Pentaho is pretty impressive because they take a platform approach, not just a reporting server. So even though each individual component may not be as fully developed as it needs to be – architecturally I think they have a sound approach. The work we will do with Pentaho will be more along the lines of how can we make it easier to use – whether that will be via plug-ins, or embedding Pentaho in our own build, we will try that out and see what makes sense.

Stay tuned, and of course, your feedback is much appreciated, as always.


In Commercial Open Source, Partners = Community

What wowed me most at the Pentaho Global Partner Submit (#PGPS in Twitter) was, well.. the partners, or the partner program, I should say.

Back in the day, when we submitted our open source projects to sourceforge – we would sit there checking the number of downloads almost every minute, obsessing over the daily downloads and sourceforge ranking. A lot of this was driven by (besides the desire to be famous and get geek cred) the belief that more downloads = larger community = more “contribution” from the community.

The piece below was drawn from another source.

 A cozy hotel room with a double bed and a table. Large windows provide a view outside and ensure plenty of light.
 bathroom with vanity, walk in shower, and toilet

This did not turn out to be true.

And not just for us, but for most open source enterprise applications out there, number of downloads has nothing to do with community participation. For that, you have to go beyond the realms of sourceforge forums and tracker – and actually actively build a community.

How do you do that? Well, after spending 2 days at PGPS, I am deeply impressed how great of a job Pentaho has done in building a thriving community via their partnership program. What we expected back in the day from our downloaders, Pentaho is exactly getting that from their partners. Partners are writing new features (e.g. Community Dashboard Framework, integration to CMS, single sign on, etc etc), they are fixing major bugs, they are writing books, they are even actively participating in shaping the roadmap. Simply amazing!

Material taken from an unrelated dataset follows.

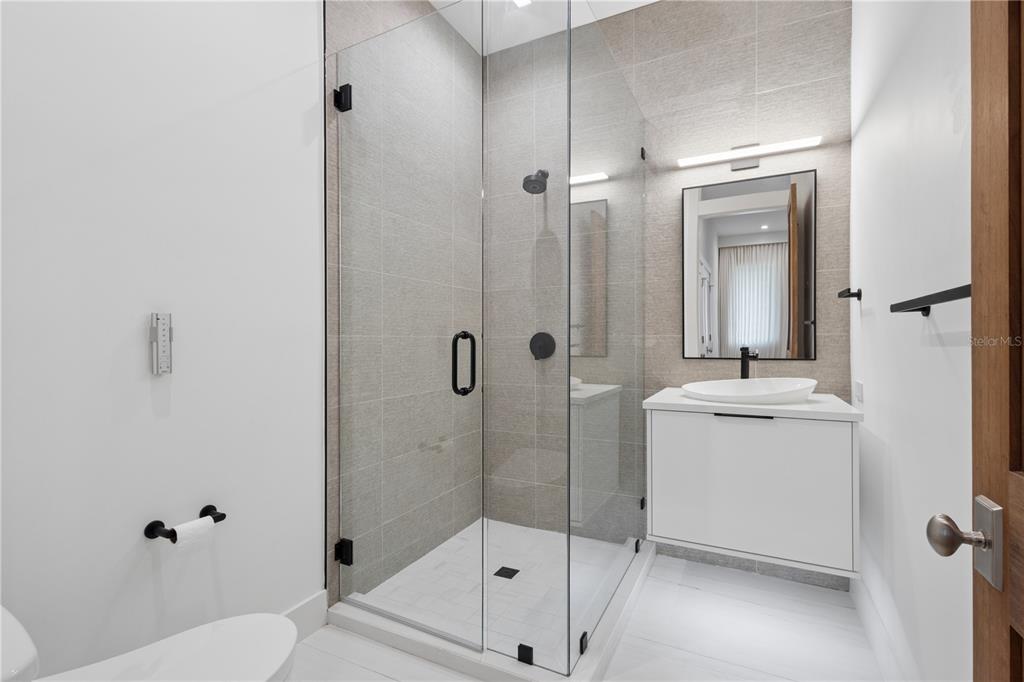 1808 Flower Drive Sarasota, FL 34239 - Photo 36 of 56 a bathroom with a sink a toilet and shower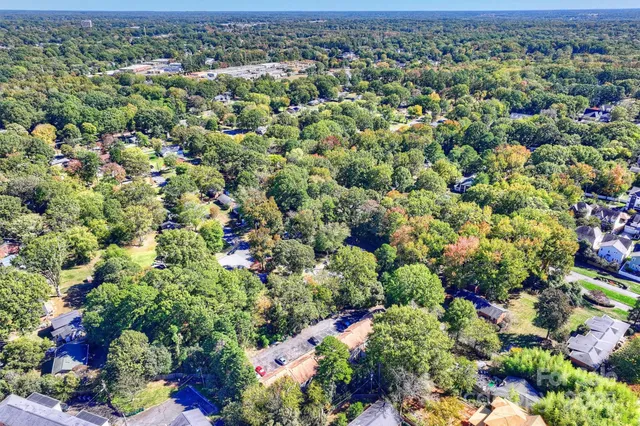 an aerial view of a houses with a lush green hillside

Whether this is a phenomenon unique to “commercial open source” – we don’t know, but look – for almost every enterprise open source project, at some point, reality kicks in, and we have to worry about monetization – so many of us become “commercial”. Of course, that immediately brings a tension between the users of the “free” version versus the “premium” version – as in, “why did you put feature ABC only in premium, and not in the free one, you greedy capitalistic pig?”

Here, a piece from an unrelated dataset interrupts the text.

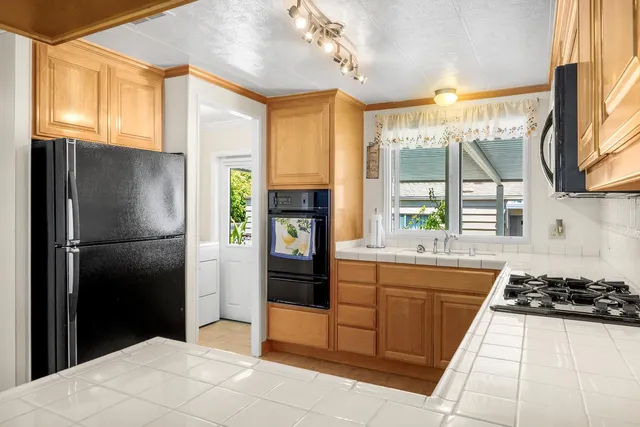 a kitchen with stainless steel appliances a stove a refrigerator and a sink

Well, one answer – “free” doesn’t pay the bills, “premium” does. “Free” is also probably justifiable if there was some contribution, but as we have seen – most of the people download and use open source for free, but they don’t contribute anything. Over time, this becomes unbearably taxing for the core developers of the open source project.

But amazingly, you can get more contributors to your “premium” version (and “free” version as well by extension) if you build a great partnership program around it like Pentaho has done. This is because not only the “premium” version pays Pentaho’s rent, it also helps their partners to pay their rent as well.

So yes, this isn’t the good old open source where it was all about freedom, peace, and love. This one is definitely about the money, but the twist is — it does share the wealth AND the open source bit makes it much easier for partner to participate and contribute. And in doing so, it brings back the extremely sought-after “community contribution” back in the game, which is the life/death factor for any open source project.

So Pentaho  – hats off to you guys for showing how to build a thriving community around commercial open source via a great partner program. Don’t ever go to the dark side :)

Forrester Wave Categorizes OpenI as “Reporting Tool” – You Agree?

The Forrester Wave™: Open Source Business Intelligence (BI), Q3 201” report by Boris Evelson came out today (Aug 10, 2010), categorizing OpenI as a “Reporting Tool”

While we feel honored that Forrester took notice (last year they had pretty much called us “dead”), it is interesting to see that they see the Open Source BI land fragmented into different specialty components – “data integration” tools (which we’re guessing is the same as ETL), “data reporting” tools,  “advanced analytics” tools, and “geospatial analytics” tools. Only open source projects that qualify as comprehensive “BI Suite” are BEE, Jaspersoft, Pentaho, and SpagoBI.

And then further on, they say that — according to “Forrester’s 157-criteria evaluation of open source BI vendors, we found that Actuate BIRT led the pack because of richness of reporting functionality. Jaspersoft Enterprise, SpagoBI, Pentaho Enterprise, and Pentaho Community are close behind and also offer much fuller and broader BI stack than Actuate BIRT, including extract, transform, and load (ETL) and advanced analytics functionality.”

We’d love to see their what their 157 criteria are – but the full report costs US$1,749 – probably one of the few scenarios where a report on enterprise software costs more than most of the individual software licenses, but that’s open source for you.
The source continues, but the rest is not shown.